# **From Wrist to Insights: Apple Watch Data Analysis** 
Using Apple Health Data

Join my journey with wearable technology, specifically the Apple Watch, I've embarked on a quest to uncover valuable insights about my health and fitness. By meticulously analyzing the wealth of data collected by my trusty Apple Watch, I've gained a deeper understanding of my daily activities, exercise routines, heart health, and more. Through data analysis and visualization, I've transformed raw wrist-worn data into meaningful insights that empower me to make informed decisions about my well-being.
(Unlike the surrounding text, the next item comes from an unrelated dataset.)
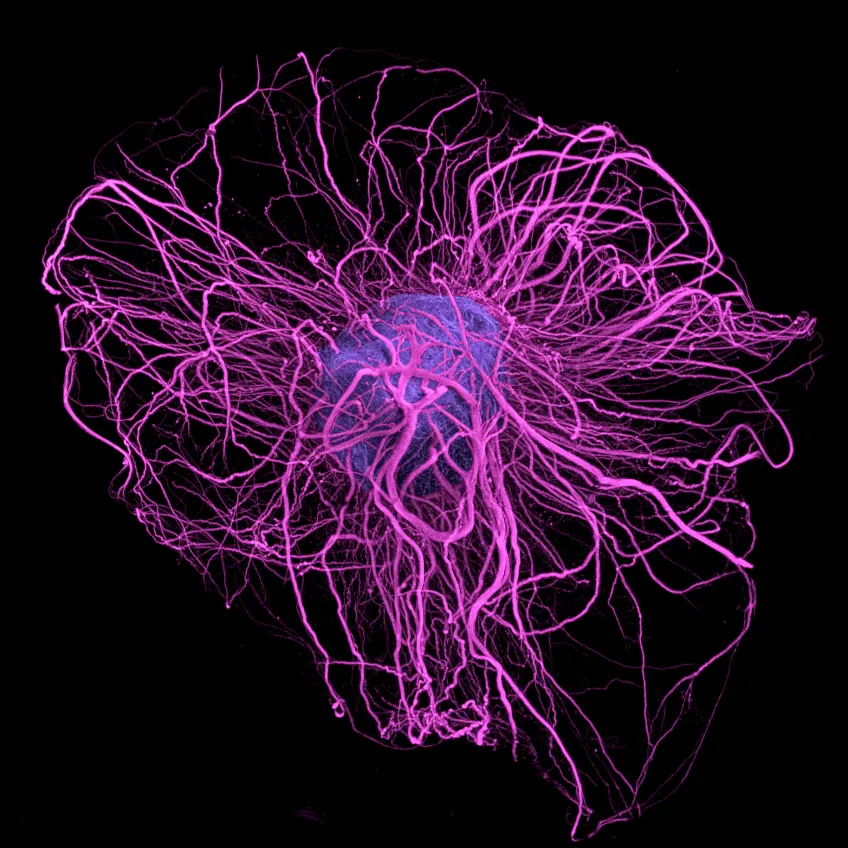 Dopamine neurons grown in culture in 3D (Photo: Parmar lab, Lund University, Sweden)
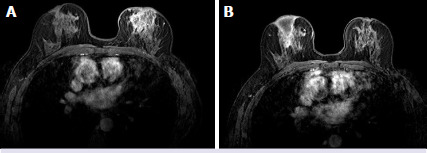 Relationship of post-treatment radiological findings with relapses in idiopathic granulomatous mastitis patients.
Join me on this exploration of how wearable technology has unlocked a wealth of knowledge about my personal health and fitness."

In [1]:
# Importing the libraries we would need
import xml.etree.ElementTree as ET
import pandas as pd
from datetime import datetime
import plotly.express as px
import matplotlib.pyplot as plt
import plotly.express as px
import plotly.graph_objects as go
from plotly.subplots import make_subplots

## Importing and Converting data 
Since the health file is saved in XML format, we would use a For-Loop to parse the data and convert it into a dataframe.

In [2]:
file_path= "/kaggle/input/apple-datav2/export.xml"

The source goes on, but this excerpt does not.